[Recorded data]
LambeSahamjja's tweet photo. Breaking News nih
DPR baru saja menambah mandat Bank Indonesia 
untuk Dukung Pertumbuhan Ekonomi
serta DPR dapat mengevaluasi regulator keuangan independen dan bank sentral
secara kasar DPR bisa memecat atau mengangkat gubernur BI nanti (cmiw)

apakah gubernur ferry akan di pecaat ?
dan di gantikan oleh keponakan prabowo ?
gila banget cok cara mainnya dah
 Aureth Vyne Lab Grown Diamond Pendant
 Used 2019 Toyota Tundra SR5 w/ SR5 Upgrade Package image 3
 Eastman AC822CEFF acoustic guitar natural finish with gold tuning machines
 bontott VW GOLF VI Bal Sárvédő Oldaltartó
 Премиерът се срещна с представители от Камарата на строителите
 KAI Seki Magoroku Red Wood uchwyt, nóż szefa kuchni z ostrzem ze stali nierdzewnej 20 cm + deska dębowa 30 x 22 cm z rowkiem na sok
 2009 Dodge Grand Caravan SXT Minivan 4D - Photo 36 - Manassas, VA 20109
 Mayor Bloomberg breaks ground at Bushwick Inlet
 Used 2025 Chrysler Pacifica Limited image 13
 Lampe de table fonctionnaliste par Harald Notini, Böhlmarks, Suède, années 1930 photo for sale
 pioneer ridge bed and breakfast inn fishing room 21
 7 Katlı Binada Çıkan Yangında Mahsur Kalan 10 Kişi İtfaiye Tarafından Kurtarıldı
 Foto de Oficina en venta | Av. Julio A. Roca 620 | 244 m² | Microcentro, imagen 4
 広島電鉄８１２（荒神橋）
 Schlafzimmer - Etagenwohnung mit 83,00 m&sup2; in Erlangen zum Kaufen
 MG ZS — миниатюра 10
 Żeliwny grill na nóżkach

* Aim of the exercise:
The lines beginning with the one that holds "Eastman AC822CEFF acoustic" and ending with the last line of the data above are to be reproduced exactly, and nothing else.

* Response area:
 Eastman AC822CEFF acoustic guitar natural finish with gold tuning machines
 bontott VW GOLF VI Bal Sárvédő Oldaltartó
 Премиерът се срещна с представители от Камарата на строителите
 KAI Seki Magoroku Red Wood uchwyt, nóż szefa kuchni z ostrzem ze stali nierdzewnej 20 cm + deska dębowa 30 x 22 cm z rowkiem na sok
 2009 Dodge Grand Caravan SXT Minivan 4D - Photo 36 - Manassas, VA 20109
 Mayor Bloomberg breaks ground at Bushwick Inlet
 Used 2025 Chrysler Pacifica Limited image 13
 Lampe de table fonctionnaliste par Harald Notini, Böhlmarks, Suède, années 1930 photo for sale
 pioneer ridge bed and breakfast inn fishing room 21
 7 Katlı Binada Çıkan Yangında Mahsur Kalan 10 Kişi İtfaiye Tarafından Kurtarıldı
 Foto de Oficina en venta | Av. Julio A. Roca 620 | 244 m² | Microcentro, imagen 4
 広島電鉄８１２（荒神橋）
 Schlafzimmer - Etagenwohnung mit 83,00 m&sup2; in Erlangen zum Kaufen
 MG ZS — миниатюра 10
 Żeliwny grill na nóżkach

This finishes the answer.